The Potomac School said it failed in its duty to safeguard the students.

Read the full letter: http://on.wusa9.com/1xaqlen

The school says they are sharing the findings with law enforcement.

The following statement was released on behalf of 11 survivors of sexual abuse by Kloman at the Potomac School:

Late on Friday, June 27, 2014 The Potomac School, issued the summary of a report of its investigation into Christopher Kloman's sexual abuse of more than 30 girls at the school, as well as a summary of what school officials knew and what actions they took or did not take in response to that knowledge.

We represent 11 survivors of Kloman's horrific acts of violence and degradation.
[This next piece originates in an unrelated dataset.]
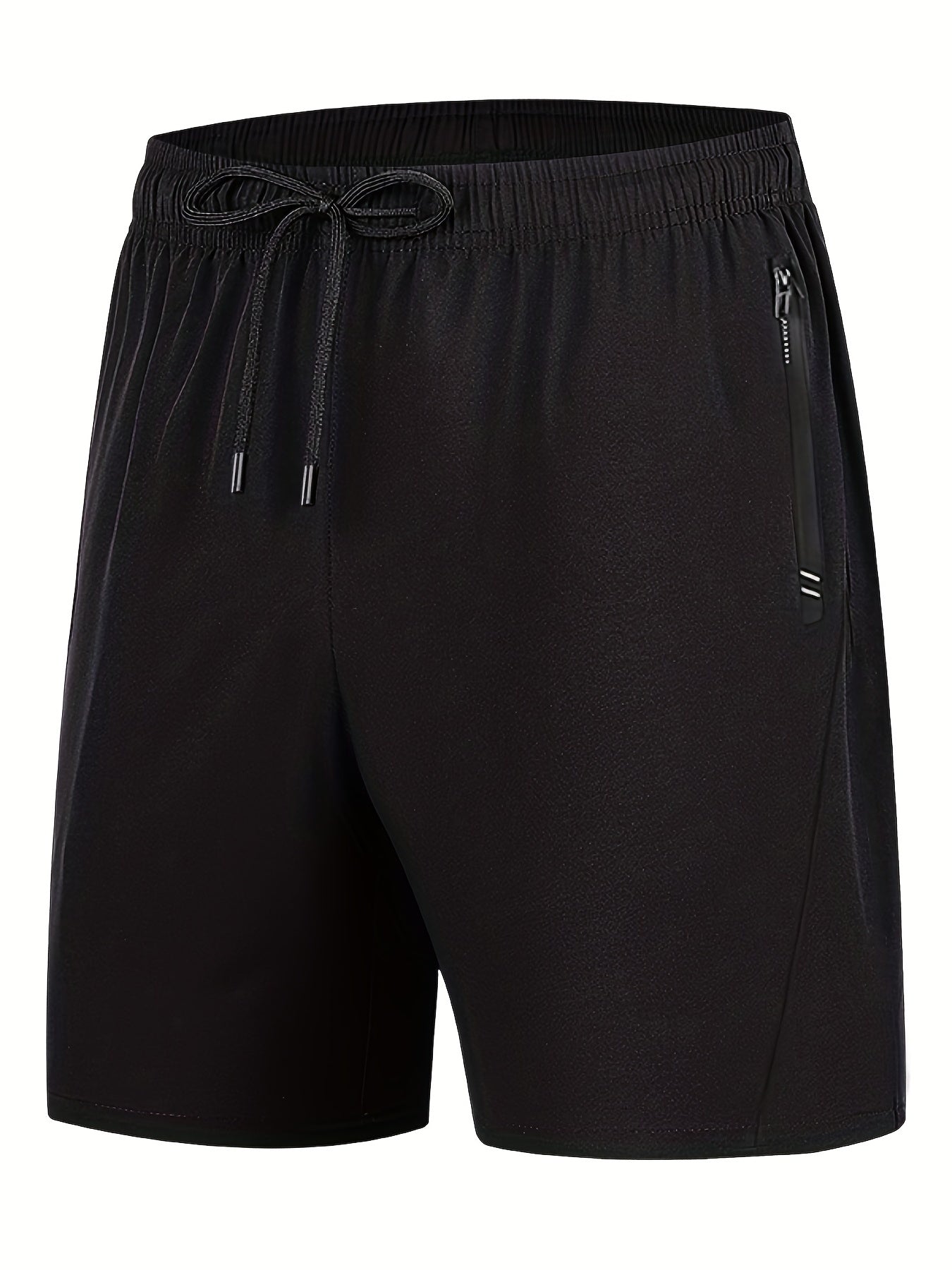 Men's Solid Breathable Shorts with Pockets - Elastic Waist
While it is now decades later, our clients suffered these acts while they were Potomac students at the ages of 11, 12, 13 or 14.

Many of our clients suffered as Potomac girls and told no one because they thought they were utterly alone in their degradation and humiliation.
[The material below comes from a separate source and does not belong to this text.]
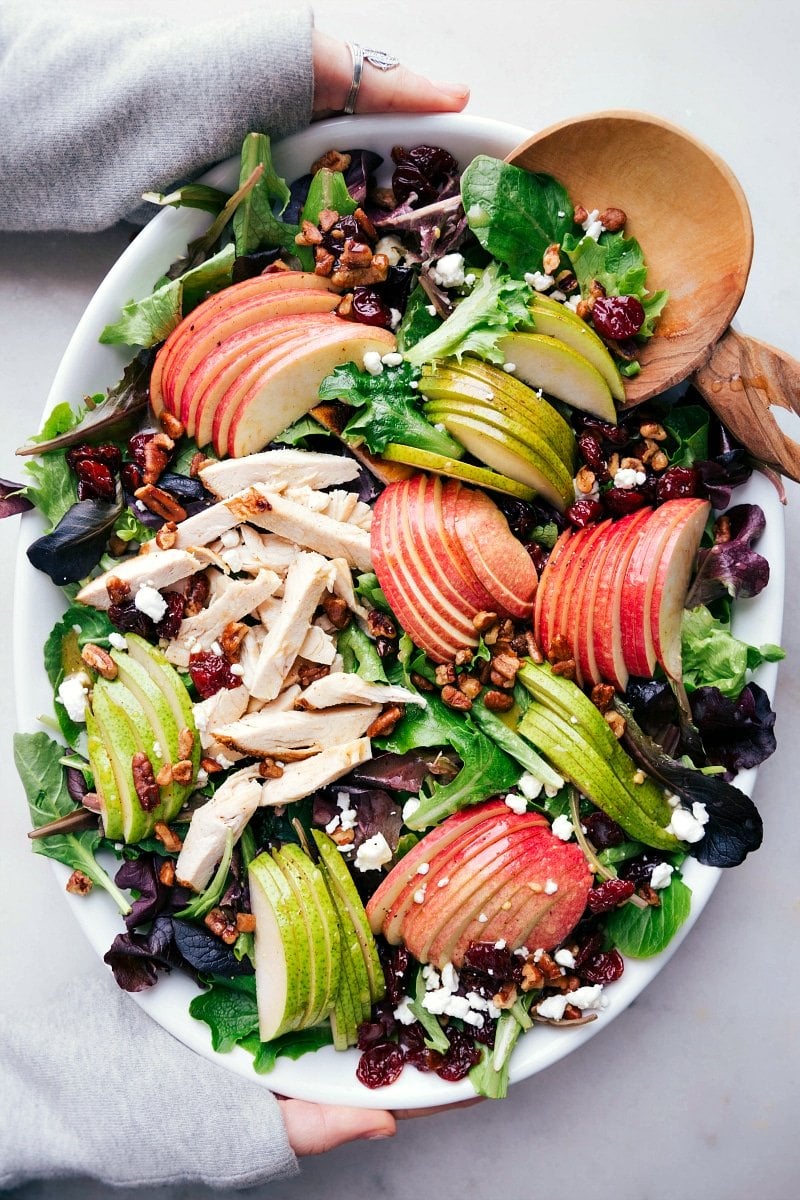 Bowl of refreshing apple salad, beautifully prepared and ready to be served.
But for several of them, there was more: the student herself or the parent actually informed school officials about Kloman's abuse, and nothing appeared to have been done. The notice was not isolated, but widely made, including to a headmaster and/or a teacher. Kloman continued to teach at the school, and was even promoted over the years. In one case, after years of struggling with the abuse, a survivor had the courage to inform the school, years later, only to be told that although Kloman had been terminated, he had been given a warm send-off and an appreciation page in the school yearbook.

While a number of our clients suffered the sexual abuse in 1969 or the 1970s, one client suffered egregious abuse as recently as the 1990s. She reported that she was being abused to several school staff. Shortly thereafter, Kloman was terminated.
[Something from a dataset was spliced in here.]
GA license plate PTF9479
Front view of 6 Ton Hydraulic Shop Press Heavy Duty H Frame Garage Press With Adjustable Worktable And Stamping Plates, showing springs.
Our clients recognize that the current Potomac School is taking a look at the past and addressing not only the extent of Kloman's abuse, but the knowledge and failures of past administrations, and the existence of other perpetrators at the school.

It was due to the courage and tenacity of several of our clients that Kloman was prosecuted and sentenced for 43 years, and it was after our call on their behalf in October for a full and transparent investigation that the Potomac School began its investigation.

Above all, any school's choice to hide a perpetrator, whether it is based on ignorance of the extent of harm that the perpetrator has caused, even in a single instance, or an active choice to protect a school's reputation, can function as a second betrayal that serves only to exacerbate the underlying harm caused by the sexual abuse itself. Rather than being a moment of empowerment and control, the victim of sexual abuse discovers again that she is worthless when a school protects the perpetrator and ignores her complaint.

Potomac School's decision to fully investigate and announce to the world its findings is the first step towards transparency and healing for the community.

Gloria Allred, Attorney at Law

Mariann Wang, Attorney at Law

July 1, 2014

Statement of Laura Gill

I was one of those who reported Kloman's abuse as a student. Immediately after the abuse occurred, I told my parents, who two days later, called the school and scheduled an appointment with the Head of School. After the meeting, my parents informed me that Kloman would be required to seek counseling. Unhappy that he would be permitted to continue teaching and that I would be forced to see him regularly, I discussed the abuse with my adviser and teacher. Angry, she too, scheduled a meeting with the Head. I had the opportunity to witness, the Head, my adviser and a group of men, presumably the Board, discussing the abuse from the window of the Head's secretary's adjoining door. It was my experience at Potomac School that Kloman's abuse was reported widely and no significant action was taken.